While speaking with Polsat News, the former commander of Polish Land Forces said his nation was preparing for a Belarusian uprising according to The New Voice of Ukraine. 

General Waldemar Skrzypczak suggested that if Ukraine’s counter-offensive succeeded then the Belarusian soldiers in their army eventually used their skills to liberate Belarus. 

“We are preparing for an uprising in Belarus because it is coming,” General Skrzypczak explained on Polsat News according to an English translation by Ukrainiska Pravda. 

General Skrzypczak suggested that Poland needed to be ready to support any military units carrying out operations against Lukashenko, but gave few details on his meaning. 

“Preparing for an uprising in Belarus is crucial. We have reason to help them, just like we help Ukrainians,” the former commander of the Polish Land Forces asserted. 

According to Ukrainska Pravda, General Skrzypczak believes that the people of Belarus will support the volunteers fighting in Ukraine if they return to challenge Lukashenko. 

General Skrzypczak explained that Lukashenko no longer had the military capability to prevent an uprising and said Russia wouldn’t help much because of its own problems. 

In Peskov’s remarks, he called Poland a “hostile” state according to a Ukrainska Pravda translation and went on to claim the country was “engulfed in Russophobic hysteria.”

While both leaders’ comments may seem like just more geopolitical saber-rattling, they reveal the very dangerous situation the world now finds itself in after more than a year of war. 

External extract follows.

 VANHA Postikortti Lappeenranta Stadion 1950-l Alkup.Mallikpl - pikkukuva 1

On May 25th, Russia moved forward with its plan to deploy nuclear weapons in Belarus that President Vladimir Putin had announced in March according to a Reuters report. 

While the nuclear weapons being moved to Belarus are only tactical in nature and don’t have the same destructive power as more traditional devices, they are still worrying. 

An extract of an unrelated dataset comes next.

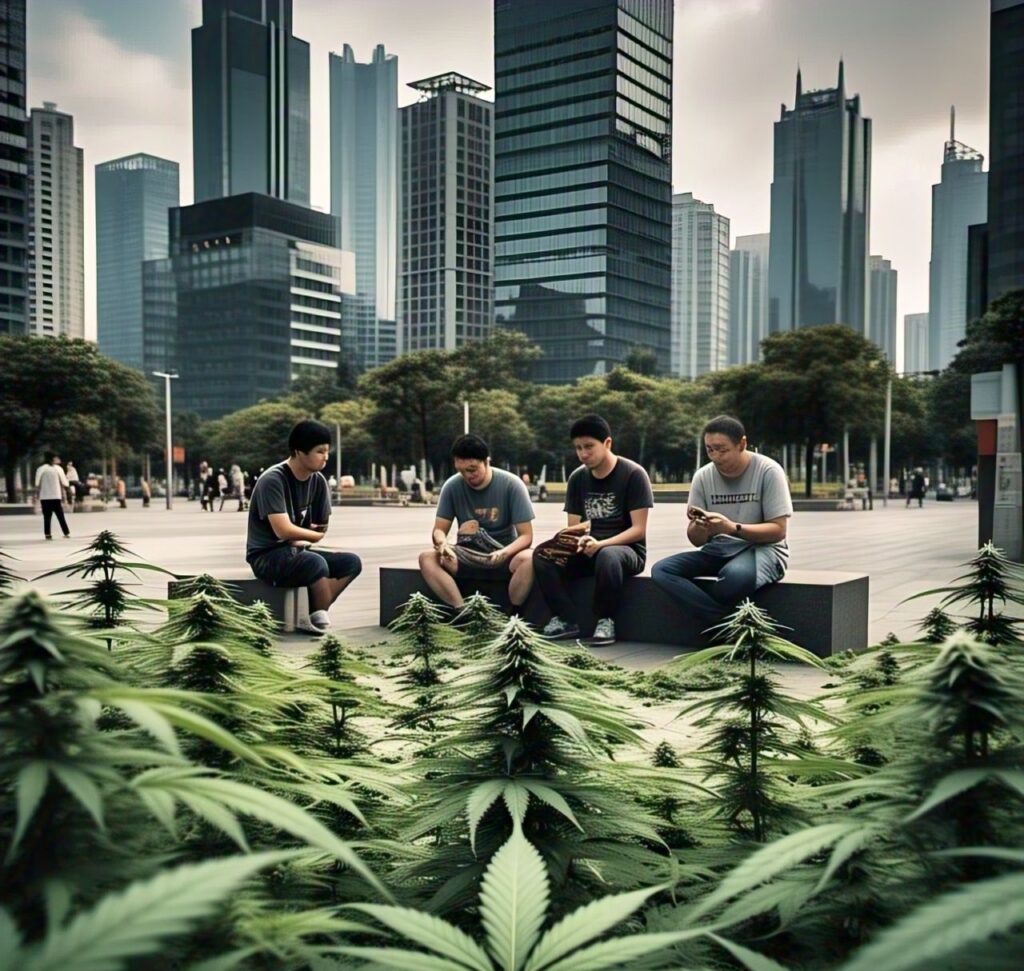 Marijuana in Shenzhen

“We must do everything to prevent Putin’s plan to deploy nuclear weapons in Belarus, as this will ensure Russia’s control over Belarus for years to come,” exiled Belarusian opposition leader Sviatlana Tsikhanouskaya told the Associated Press. 

“This will further jeopardize the security of Ukraine and all of Europe,” Tsikhanouskaya added. What will follow now is still unknown. But you can never rule out the possibility that these weapons could be used against pro-democracy Belarusian forces.